On Draft Express I see "Strengths: Lateral Quickness and Ability to Run the Floor" He also had 2.1 blocks per game his senior year, which isn't something you usually see from slow dudes.

But by all means, go find support on the third tier nbadraft.net, ignoring the Draft Express profile and then lecture me about intellectual honesty. Much obliged.


----------



## Jonathan Watters (Jul 20, 2002)

I'm definitely a douche. But I also don't know where I've been off base with my draft record, other than Adam Morrison.


----------



## Jonathan Watters (Jul 20, 2002)

Nimreitz said:


> On Draft Express I see "Strengths: Lateral Quickness and Ability to Run the Floor" He also had 2.1 blocks per game his senior year, which isn't something you usually see from slow dudes.
> 
> But by all means, go find support on the third tier nbadraft.net, ignoring the Draft Express profile and then lecture me about intellectual honesty. Much obliged.

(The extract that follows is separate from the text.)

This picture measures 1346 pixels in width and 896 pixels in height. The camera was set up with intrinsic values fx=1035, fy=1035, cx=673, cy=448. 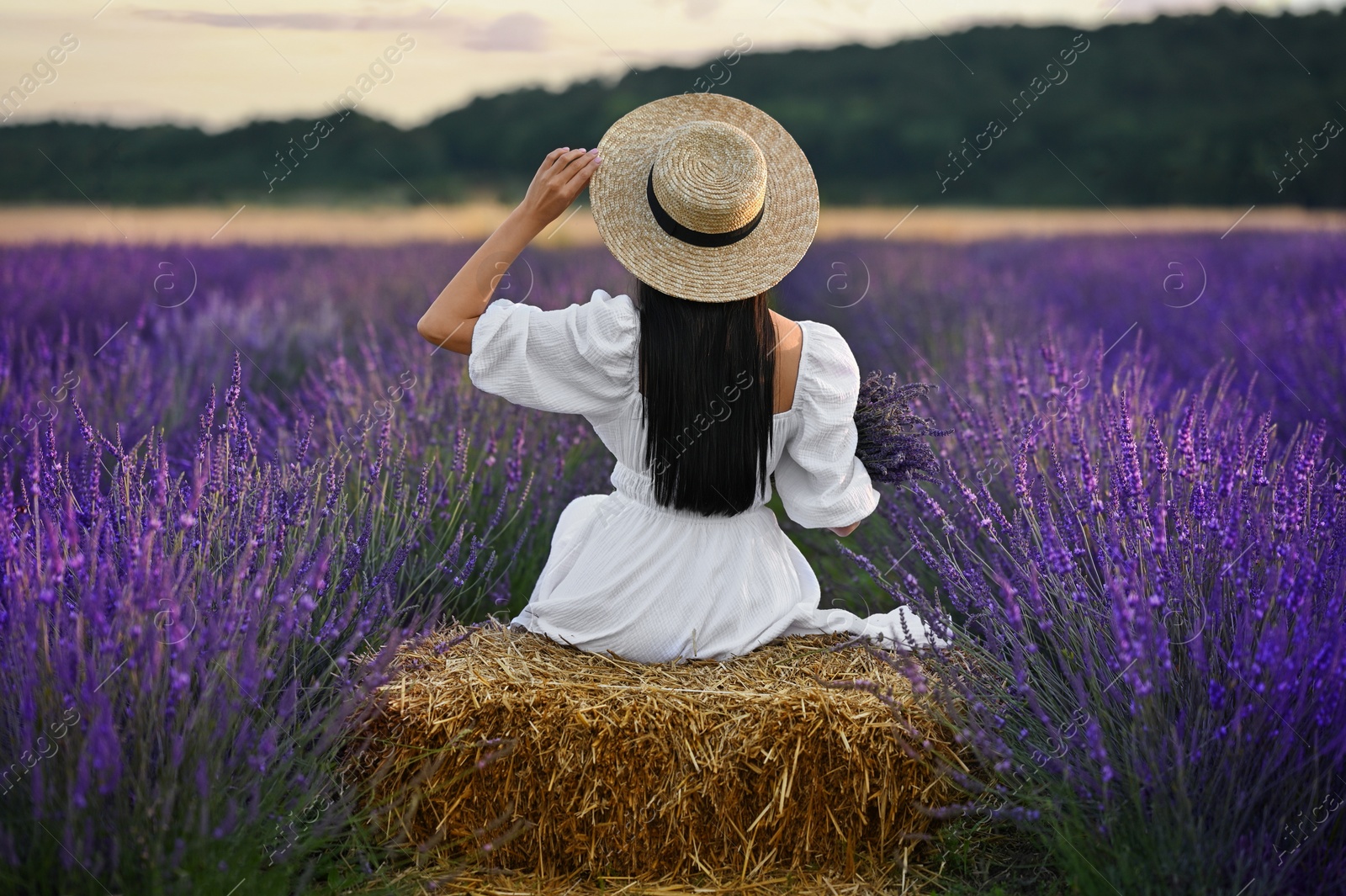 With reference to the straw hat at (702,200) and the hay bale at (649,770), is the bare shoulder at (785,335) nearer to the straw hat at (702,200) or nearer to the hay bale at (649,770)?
the straw hat at (702,200)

Well, at least you attempted to back up your original statement disagreeing with me. That is a rare step in the right direction for the clods around here. 

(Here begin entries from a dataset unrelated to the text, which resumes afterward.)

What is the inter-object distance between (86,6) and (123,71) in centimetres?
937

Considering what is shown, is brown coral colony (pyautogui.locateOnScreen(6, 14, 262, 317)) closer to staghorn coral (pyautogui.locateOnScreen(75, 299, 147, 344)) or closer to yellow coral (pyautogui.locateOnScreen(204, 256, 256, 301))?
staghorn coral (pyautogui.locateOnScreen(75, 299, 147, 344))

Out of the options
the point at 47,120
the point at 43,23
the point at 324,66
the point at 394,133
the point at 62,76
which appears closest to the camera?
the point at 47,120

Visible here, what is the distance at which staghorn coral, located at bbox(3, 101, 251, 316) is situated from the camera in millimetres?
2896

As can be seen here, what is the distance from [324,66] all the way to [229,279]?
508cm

Still completely ignorning my evidence, and ignoring statements like "Mechanical player" "Average athleticism" from that same profile. 

But at least its something...


----------



## Nimreitz (May 13, 2003)

Average athleticism does not mean "plodder". Anyway, you certainly have a good track record here. So do I. So do a lot of people who have stuck around for 8 years like Rebel Sun, MemphisX, and HKF.


----------



## Xeneise (Jul 5, 2010)

Nimreitz said:


> Average athleticism does not mean "plodder". Anyway, you certainly have a good track record here. So do I. So do a lot of people who have stuck around for 8 years like Rebel Sun, MemphisX, and HKF.


Lol, MemphisX is 16 according to his profile. He's been posting since he was 8?


----------



## HKF (Dec 10, 2002)

You do realize that you can put any age you want don't you? MemphisX is a grown man.


----------



## Nimreitz (May 13, 2003)

Xeneise said:


> Lol, MemphisX is 16 according to his profile. He's been posting since he was 8?


Thanks for that noob.


----------



## Jonathan Watters (Jul 20, 2002)

Nimreitz said:


> Average athleticism does not mean "plodder". Anyway, you certainly have a good track record here. So do I. So do a lot of people who have stuck around for 8 years like Rebel Sun, MemphisX, and HKF.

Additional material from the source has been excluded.